I always wonder to myself, “Is there someone out there for everyone? and if so when will they show up?” So many questions left unanswered. Life truly is what you make of it. The other day I was on my way to work and I was sitting at a red light thinking…thinking about my day ahead and so forth, until I heard honking. I look to my right and it was my ex who was also going to work. At that point I was about 10 miles from work and sat in the driver’s seat wondering, “did he ever find happiness?”
Life is strange how it works. One minute you think that everything is going the way you expect it to and then you wake up and not everything is perfect. Ever since I entered the “dating” pool for the first time since I was 17 things are definitely different. For 3 1/2 years I never had to “worry” about being single or ever wonder who I would be with, because at the time I thought my ex was everything I needed and more.
I was “off the market” for so long and now all of sudden I get so much attention. At first it was a nice transition from being with someone to becoming single, but now it’s overwhelming. “When will I know when the right person comes along?” What if I think he’s the right guy, but isn’t? and he just didn’t come along yet?

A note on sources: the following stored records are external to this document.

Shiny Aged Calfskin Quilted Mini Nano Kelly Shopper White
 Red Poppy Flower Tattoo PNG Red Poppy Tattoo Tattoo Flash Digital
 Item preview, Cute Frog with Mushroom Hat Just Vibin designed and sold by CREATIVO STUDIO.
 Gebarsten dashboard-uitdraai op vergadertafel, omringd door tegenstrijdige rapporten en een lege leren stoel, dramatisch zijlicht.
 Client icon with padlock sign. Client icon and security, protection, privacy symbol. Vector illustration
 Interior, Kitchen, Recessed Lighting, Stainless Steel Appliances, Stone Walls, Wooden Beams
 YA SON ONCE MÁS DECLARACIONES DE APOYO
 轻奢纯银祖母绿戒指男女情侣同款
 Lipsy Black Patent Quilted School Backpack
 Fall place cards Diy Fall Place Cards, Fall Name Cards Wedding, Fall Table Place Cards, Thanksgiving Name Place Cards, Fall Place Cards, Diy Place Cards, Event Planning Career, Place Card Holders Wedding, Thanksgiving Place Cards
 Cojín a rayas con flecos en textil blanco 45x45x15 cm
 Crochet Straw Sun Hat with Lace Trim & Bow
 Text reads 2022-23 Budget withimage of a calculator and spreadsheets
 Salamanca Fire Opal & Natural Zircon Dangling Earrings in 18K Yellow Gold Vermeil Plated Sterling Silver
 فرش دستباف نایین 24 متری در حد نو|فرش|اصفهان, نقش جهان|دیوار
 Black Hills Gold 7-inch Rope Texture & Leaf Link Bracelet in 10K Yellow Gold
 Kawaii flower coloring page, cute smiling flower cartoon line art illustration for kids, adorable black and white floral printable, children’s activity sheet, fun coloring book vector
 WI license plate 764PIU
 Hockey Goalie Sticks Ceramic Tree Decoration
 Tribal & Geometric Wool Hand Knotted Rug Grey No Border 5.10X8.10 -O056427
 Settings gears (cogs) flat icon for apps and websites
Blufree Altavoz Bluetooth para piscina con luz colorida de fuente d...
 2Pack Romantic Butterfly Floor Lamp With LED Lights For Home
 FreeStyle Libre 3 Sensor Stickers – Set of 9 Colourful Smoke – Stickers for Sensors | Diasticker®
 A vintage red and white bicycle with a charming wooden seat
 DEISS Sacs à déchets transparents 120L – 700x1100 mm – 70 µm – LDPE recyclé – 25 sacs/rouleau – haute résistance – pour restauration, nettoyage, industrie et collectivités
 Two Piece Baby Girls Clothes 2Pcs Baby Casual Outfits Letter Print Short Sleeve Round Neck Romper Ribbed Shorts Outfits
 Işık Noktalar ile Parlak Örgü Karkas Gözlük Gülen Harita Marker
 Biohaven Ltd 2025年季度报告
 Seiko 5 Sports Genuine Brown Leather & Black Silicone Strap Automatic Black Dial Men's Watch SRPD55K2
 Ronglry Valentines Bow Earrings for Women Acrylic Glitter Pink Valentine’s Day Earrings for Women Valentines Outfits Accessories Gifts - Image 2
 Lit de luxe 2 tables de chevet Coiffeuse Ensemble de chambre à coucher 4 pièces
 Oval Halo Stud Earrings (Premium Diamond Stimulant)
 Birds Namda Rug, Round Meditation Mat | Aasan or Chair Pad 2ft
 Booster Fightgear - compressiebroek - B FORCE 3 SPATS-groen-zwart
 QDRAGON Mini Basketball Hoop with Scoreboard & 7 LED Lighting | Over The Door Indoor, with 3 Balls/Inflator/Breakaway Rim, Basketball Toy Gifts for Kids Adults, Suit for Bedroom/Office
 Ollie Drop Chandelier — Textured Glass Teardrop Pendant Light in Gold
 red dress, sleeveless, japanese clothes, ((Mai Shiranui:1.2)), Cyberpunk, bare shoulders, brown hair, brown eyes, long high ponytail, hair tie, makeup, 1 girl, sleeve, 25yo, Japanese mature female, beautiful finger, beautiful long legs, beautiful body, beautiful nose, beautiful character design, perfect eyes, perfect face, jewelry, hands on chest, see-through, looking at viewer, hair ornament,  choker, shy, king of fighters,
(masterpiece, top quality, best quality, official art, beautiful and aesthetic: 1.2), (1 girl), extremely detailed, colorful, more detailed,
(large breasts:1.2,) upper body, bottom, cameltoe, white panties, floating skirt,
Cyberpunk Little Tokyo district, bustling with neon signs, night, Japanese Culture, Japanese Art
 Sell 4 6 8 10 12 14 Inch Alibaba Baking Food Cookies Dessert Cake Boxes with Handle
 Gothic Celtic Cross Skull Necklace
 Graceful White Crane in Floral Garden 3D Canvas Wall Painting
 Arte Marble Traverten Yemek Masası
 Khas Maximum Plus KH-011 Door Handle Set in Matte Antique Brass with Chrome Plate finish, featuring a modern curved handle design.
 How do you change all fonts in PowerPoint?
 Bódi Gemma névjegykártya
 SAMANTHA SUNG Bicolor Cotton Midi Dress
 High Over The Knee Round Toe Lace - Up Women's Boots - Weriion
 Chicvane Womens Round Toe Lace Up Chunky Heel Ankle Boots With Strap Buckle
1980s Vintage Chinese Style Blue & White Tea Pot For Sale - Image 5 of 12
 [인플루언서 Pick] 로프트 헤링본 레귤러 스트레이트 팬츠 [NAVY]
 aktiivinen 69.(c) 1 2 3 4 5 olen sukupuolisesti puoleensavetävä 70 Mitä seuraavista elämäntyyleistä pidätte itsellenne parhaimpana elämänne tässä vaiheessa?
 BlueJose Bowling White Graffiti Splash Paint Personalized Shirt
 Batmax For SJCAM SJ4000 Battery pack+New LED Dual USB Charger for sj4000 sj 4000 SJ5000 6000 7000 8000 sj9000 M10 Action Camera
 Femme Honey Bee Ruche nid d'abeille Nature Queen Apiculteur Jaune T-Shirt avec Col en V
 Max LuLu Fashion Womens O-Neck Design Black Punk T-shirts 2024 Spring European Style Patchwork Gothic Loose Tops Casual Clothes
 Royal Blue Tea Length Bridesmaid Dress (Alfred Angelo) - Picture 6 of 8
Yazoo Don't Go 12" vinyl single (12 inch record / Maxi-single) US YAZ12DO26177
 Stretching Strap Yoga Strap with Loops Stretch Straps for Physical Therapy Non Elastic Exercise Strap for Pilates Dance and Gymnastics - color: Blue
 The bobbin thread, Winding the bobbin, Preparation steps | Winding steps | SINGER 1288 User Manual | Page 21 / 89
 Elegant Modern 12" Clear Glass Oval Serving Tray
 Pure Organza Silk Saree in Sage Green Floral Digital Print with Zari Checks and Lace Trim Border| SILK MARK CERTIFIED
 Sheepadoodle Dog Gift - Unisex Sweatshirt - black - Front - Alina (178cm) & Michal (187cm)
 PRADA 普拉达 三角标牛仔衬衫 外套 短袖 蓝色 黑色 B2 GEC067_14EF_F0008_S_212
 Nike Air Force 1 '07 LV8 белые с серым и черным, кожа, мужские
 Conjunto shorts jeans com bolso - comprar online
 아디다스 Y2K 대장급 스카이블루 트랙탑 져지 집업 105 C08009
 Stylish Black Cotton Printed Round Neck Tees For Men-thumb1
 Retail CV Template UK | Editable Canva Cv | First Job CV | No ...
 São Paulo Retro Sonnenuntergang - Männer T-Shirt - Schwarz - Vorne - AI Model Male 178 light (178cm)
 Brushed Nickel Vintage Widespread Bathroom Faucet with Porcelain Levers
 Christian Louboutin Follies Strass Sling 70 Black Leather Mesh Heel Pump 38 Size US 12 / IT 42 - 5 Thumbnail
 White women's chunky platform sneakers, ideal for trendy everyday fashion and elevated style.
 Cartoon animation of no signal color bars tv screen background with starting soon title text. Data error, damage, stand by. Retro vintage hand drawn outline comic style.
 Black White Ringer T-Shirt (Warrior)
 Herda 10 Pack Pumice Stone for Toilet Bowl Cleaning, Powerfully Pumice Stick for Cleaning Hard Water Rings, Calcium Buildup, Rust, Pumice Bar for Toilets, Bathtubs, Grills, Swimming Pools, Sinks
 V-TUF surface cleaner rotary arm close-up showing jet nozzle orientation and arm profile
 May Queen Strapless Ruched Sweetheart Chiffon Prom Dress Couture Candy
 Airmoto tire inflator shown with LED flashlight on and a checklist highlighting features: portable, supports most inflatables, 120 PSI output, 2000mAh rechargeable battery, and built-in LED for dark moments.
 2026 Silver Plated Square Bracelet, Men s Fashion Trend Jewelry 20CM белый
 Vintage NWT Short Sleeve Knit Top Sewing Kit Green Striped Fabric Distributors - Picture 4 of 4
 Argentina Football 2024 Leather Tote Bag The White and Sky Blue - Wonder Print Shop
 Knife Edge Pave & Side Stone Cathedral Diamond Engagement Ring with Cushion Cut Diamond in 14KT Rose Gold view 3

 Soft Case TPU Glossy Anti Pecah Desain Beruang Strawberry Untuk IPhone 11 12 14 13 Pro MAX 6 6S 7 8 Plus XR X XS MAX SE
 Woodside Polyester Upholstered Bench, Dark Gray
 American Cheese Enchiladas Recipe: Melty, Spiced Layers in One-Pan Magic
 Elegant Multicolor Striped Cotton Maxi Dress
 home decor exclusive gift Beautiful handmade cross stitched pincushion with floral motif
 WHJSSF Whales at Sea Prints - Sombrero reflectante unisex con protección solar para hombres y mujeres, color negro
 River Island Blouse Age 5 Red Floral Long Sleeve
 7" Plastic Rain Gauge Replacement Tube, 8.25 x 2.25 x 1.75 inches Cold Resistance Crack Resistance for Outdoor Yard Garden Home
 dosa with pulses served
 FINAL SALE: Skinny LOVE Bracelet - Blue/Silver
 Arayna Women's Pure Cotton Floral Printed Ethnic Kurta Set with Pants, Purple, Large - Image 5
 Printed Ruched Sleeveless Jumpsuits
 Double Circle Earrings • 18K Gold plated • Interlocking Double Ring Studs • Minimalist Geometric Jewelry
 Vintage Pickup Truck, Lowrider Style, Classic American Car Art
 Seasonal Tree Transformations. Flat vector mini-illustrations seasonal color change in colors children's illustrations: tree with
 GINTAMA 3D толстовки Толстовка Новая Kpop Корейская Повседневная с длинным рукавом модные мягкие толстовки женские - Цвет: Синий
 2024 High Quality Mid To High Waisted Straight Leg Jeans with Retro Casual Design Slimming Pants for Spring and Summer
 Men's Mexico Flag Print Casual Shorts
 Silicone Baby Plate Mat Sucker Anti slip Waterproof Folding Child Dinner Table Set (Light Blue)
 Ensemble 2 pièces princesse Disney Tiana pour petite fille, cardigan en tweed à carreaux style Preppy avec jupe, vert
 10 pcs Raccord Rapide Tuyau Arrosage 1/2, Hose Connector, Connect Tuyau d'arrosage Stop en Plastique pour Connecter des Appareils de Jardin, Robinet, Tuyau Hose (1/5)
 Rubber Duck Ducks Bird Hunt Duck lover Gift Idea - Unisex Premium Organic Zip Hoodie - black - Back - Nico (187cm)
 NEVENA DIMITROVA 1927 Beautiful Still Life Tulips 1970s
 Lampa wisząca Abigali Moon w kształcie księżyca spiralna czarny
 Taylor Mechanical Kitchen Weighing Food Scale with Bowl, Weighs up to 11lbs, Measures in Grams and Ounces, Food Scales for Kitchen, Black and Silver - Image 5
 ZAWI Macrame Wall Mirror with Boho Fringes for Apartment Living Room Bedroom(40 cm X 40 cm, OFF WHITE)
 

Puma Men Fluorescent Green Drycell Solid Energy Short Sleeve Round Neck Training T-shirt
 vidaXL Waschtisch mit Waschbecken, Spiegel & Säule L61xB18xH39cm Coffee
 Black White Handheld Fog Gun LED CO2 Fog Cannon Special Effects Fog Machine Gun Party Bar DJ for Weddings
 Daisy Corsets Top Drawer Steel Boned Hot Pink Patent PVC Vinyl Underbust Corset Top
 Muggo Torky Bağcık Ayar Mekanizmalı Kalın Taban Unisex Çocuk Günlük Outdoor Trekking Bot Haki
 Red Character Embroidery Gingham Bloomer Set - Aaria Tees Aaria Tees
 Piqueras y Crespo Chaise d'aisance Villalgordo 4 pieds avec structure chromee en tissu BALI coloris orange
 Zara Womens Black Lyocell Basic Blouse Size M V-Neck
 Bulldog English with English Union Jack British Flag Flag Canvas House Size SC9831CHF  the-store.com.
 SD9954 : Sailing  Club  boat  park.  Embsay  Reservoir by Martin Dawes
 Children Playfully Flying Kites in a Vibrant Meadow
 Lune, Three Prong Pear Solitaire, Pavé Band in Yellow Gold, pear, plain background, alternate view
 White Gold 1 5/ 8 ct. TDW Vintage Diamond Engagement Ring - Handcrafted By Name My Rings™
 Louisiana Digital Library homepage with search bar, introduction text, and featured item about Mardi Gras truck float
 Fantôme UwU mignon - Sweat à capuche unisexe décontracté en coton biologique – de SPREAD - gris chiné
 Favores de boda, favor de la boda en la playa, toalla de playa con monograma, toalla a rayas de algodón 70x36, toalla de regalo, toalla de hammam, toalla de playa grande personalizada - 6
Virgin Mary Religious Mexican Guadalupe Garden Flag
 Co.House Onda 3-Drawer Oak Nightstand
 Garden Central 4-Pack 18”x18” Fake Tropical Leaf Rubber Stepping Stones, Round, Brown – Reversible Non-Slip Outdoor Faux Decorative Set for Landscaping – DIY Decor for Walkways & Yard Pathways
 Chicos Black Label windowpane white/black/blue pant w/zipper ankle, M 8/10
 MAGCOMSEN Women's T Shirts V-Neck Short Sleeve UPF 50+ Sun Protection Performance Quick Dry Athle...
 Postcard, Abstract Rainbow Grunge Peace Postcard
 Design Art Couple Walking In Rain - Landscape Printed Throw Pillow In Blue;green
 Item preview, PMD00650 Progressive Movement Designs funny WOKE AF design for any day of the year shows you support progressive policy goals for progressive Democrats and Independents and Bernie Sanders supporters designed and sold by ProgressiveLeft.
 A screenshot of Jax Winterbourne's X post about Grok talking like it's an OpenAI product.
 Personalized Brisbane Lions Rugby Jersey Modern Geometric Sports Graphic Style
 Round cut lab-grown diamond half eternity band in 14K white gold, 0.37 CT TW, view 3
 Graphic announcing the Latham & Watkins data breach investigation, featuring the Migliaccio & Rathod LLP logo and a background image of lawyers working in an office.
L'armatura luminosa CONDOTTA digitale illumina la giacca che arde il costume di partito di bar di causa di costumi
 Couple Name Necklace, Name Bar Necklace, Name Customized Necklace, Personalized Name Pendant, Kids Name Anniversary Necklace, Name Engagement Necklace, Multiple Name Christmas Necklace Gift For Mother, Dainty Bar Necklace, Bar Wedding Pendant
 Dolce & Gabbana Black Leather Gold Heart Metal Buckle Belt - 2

I realize that there are many people out there with similar thoughts and just take the risk with who they “think” is right for them. I look at my parents who will be married 24 years next month and think how did they know? I ask them and they always say, “love.” After 24 years they have their ups and downs like any normal couple, but how come my high school “sweetheart” and I fell out of love, when my parents were high school sweethearts and stayed in love?
People say that when you are least expect someone to come along they will. It’s hard to believe that, because everyday you see couples together, hear stories about relationships, etc. It’s hard to ignore the fact that you don’t have a “true” love in your life.
How can I determine what feelings are real?